Fiber Amplifiers – a Technology for Many Applications, Part 1: Introduction
Author: Rüdiger Paschotta, RP Photonics AG
(This article appeared in similar form in Laser Technik Journal 6 (5), 48 (2009). See also Part 2 – Various Technical Issues and Part 3 – Examples of Fiber Amplifier Designs.)
Abstract: Fiber amplifiers are technology with vary variants, covering an ever expanding area of applications. Part 1 of this series gives an introduction to the technical foundations. In later parts, technical limitations and case studies will be discussed.
In the 1980s, fiber amplifiers were developed in order to solve a pressing problem of telecommunications: the transmission of data over large distances, where amplification between different spans of the transmission lines is required. The direct optical amplification enabled by fiber amplifiers replaced a much more complicated technology, based on electronic detection and amplification and sending out new light signals. This advance became one of the crucial foundations for a massive expansion of the transmission capacity, thus also for the Internet.

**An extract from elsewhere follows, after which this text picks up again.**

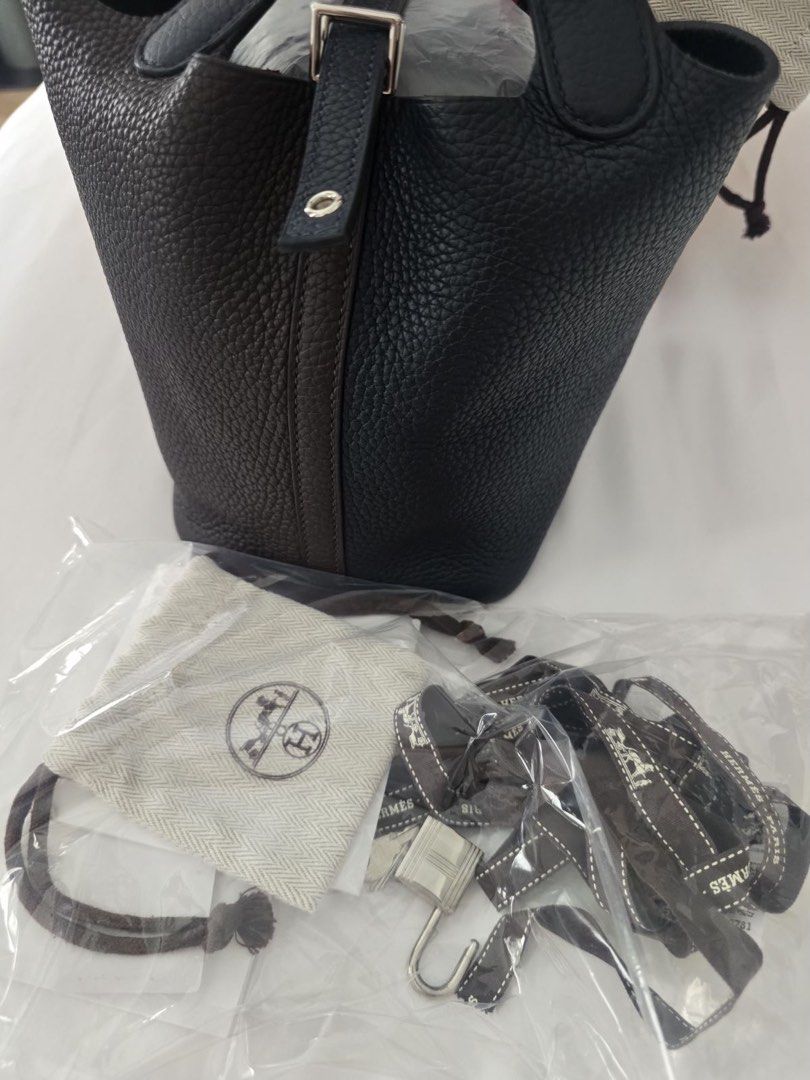 Tri Color Hermès Picotin Lock 18 (Category: Luxury Bags & Wallets) located in Marikina City. Submitted by archaicfinds (Listing ID 1447163718, Image 2). Description: - complete everything message for inquiries.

In the meantime, entirely new application areas have been established, in particular in industrial material processing. Whereas the basic principle of amplification remained unchanged, substantial further technical developments have enabled the adaptation to total different requirements, such as the generation of much higher optical powers. What is nowadays sold as a high-power fiber laser, usually contains a fiber amplifier.
This series begins with explaining the technical foundations. Later parts will discuss various technical limitations and present a number of case studies.

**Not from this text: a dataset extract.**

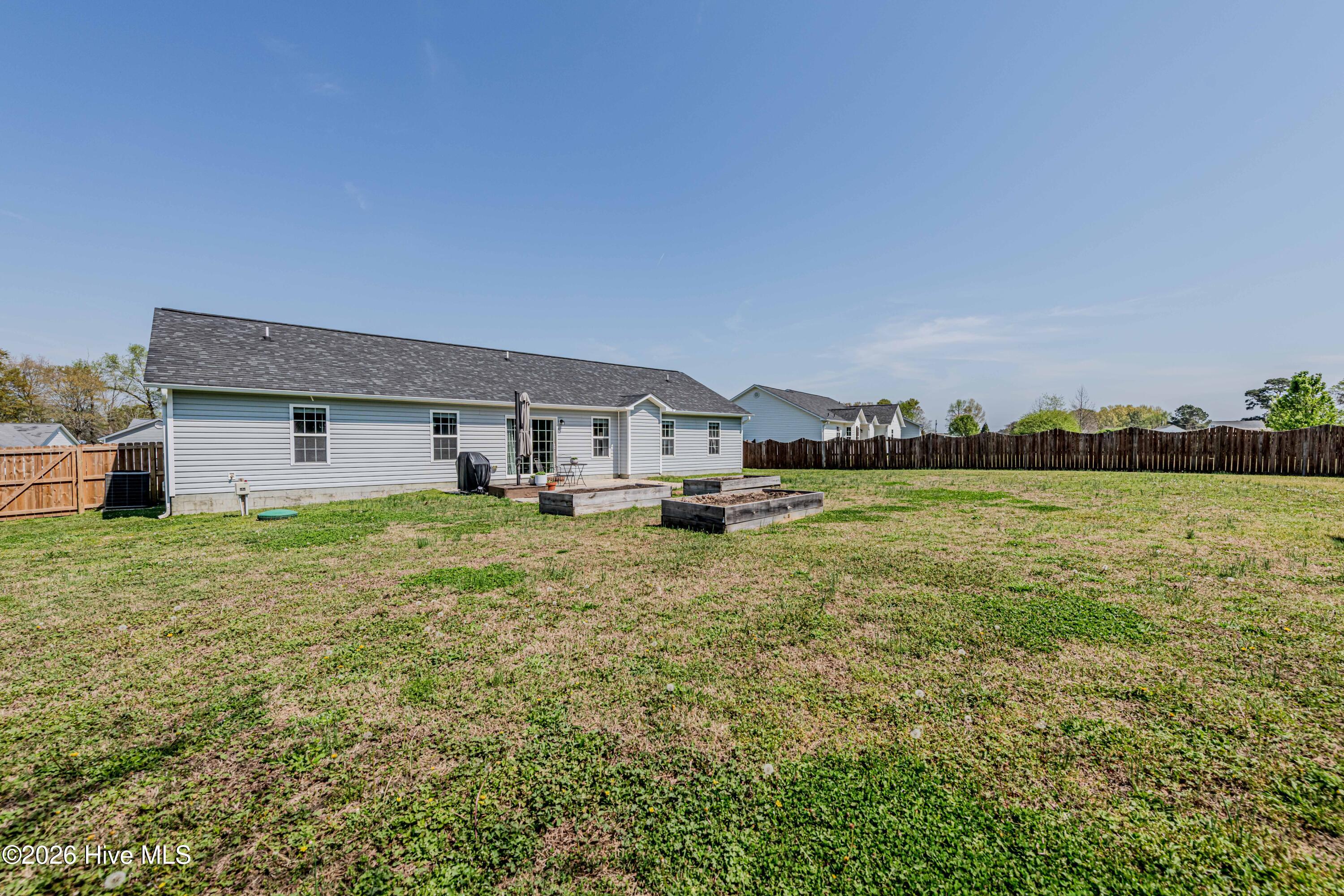 100565701 | Photo 50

Principle of Fiber Amplifiers
Fiber amplifiers are based on “active” fibers, having a fiber core which is doped with laser-active ions such as Er3+, Nd3+ or Yb3+. Normally a fiber coupler is used to introduce some “pump light” in addition to the input signal light. This pump light is absorbed by the laser-active ions, transferring them into excited electronic states and thus allowing the amplification of light at other wavelengths via stimulated emission. Fig. 1 shows schematically the setup of a simple fiber amplifier.
Pump light at 980 nm from two laser diodes excites the erbium ions and enables them to amplify light around 1550 nm. Two Faraday isolators eliminate effects of reflections.
If the amplified signal becomes intense, it reduces the excitation density of the ions, so that the amplification is saturated. Fiber amplifiers are often operated in the strongly saturated regime, which also allows for the highest output power. Depending on the type of amplifier, the output power can be up to ∼80% of the pump power.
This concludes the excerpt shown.